YOUR ASSIGNMENT
For each line below that holds the word "looking", make a copy.

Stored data
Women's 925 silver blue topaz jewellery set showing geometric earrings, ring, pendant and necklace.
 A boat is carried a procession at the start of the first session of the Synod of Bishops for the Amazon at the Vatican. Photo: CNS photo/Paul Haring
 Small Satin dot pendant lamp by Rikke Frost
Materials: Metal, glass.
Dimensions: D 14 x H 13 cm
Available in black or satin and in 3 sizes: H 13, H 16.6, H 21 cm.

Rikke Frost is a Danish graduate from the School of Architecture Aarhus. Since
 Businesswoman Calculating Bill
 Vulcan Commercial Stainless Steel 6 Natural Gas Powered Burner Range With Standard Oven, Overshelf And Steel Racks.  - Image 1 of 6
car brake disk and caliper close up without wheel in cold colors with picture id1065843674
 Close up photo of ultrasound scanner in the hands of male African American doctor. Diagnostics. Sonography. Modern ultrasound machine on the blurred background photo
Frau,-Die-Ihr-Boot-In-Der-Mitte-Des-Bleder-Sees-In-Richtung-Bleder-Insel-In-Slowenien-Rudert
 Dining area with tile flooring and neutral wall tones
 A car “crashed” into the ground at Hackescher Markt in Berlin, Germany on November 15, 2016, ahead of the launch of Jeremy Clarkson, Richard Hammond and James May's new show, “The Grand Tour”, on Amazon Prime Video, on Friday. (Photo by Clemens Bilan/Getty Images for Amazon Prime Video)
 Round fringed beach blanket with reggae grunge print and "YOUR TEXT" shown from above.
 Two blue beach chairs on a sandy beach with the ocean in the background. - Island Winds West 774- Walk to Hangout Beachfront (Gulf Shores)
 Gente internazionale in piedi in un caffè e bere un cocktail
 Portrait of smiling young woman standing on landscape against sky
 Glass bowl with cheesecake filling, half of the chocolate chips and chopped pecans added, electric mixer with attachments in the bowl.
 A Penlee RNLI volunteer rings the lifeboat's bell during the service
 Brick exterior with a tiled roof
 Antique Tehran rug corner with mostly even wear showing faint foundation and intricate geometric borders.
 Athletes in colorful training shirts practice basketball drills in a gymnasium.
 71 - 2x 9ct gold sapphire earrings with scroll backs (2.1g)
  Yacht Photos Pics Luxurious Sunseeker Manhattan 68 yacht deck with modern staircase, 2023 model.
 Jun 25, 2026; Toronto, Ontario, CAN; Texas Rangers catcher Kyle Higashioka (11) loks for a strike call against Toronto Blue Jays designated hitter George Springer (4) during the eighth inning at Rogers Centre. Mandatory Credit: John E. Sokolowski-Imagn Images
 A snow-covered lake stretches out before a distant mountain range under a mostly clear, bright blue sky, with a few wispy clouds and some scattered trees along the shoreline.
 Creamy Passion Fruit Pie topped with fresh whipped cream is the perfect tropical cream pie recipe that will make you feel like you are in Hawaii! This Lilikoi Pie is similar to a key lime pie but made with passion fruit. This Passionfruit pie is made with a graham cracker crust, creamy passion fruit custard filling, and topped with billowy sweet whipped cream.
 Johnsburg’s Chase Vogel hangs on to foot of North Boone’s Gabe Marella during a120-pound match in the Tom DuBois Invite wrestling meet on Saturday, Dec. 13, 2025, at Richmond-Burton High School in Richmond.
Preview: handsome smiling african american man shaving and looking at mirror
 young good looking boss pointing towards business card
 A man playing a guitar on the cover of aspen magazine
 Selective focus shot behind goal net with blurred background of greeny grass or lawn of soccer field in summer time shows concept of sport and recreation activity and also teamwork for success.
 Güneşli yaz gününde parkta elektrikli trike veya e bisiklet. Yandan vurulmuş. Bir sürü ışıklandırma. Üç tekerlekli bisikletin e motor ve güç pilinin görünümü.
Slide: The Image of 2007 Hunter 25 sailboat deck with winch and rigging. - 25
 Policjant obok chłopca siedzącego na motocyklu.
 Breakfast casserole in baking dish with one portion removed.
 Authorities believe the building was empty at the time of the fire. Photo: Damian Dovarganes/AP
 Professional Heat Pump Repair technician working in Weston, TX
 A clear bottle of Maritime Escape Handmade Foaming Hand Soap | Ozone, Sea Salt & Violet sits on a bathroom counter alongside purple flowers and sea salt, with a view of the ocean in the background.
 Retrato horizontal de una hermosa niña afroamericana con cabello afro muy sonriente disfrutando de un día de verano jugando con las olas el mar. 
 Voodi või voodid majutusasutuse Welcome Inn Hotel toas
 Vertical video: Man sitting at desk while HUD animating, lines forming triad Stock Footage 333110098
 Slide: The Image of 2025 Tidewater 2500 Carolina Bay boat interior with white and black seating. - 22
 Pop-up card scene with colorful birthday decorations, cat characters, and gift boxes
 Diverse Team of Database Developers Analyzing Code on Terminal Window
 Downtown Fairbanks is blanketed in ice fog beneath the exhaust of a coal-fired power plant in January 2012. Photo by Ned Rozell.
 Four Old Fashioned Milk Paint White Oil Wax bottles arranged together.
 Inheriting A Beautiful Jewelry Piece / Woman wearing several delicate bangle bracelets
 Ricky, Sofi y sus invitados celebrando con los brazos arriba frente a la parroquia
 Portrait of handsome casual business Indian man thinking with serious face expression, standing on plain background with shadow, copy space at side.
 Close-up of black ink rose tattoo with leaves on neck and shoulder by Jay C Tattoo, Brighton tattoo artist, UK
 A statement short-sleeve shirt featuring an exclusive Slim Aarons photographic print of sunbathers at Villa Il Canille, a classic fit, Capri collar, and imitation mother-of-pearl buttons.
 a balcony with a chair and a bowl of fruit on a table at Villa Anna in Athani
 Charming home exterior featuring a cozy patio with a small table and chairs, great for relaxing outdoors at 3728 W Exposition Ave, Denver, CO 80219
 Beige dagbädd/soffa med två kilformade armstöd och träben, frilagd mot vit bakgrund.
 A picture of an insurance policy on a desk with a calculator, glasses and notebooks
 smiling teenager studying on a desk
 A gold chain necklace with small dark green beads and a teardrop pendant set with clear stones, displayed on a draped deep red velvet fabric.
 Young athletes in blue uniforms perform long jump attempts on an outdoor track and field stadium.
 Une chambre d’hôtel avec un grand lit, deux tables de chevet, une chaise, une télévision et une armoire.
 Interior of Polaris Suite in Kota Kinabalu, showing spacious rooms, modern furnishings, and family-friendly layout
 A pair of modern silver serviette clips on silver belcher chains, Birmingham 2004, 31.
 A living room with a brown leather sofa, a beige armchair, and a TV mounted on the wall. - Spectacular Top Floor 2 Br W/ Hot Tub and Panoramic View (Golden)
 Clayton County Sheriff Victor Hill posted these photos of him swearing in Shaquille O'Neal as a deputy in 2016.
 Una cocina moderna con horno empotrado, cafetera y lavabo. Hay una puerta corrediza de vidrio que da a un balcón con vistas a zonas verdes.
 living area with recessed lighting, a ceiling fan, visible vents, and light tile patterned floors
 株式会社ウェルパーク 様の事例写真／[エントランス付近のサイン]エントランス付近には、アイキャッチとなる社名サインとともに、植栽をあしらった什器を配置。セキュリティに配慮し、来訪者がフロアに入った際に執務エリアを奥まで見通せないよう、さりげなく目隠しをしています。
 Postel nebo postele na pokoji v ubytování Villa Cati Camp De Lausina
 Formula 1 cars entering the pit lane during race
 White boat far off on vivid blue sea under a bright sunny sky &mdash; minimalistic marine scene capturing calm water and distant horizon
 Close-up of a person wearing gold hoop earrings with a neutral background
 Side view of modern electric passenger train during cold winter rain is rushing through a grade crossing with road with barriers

RESPONSE BOX
Preview: handsome smiling african american man shaving and looking at mirror
 young good looking boss pointing towards business card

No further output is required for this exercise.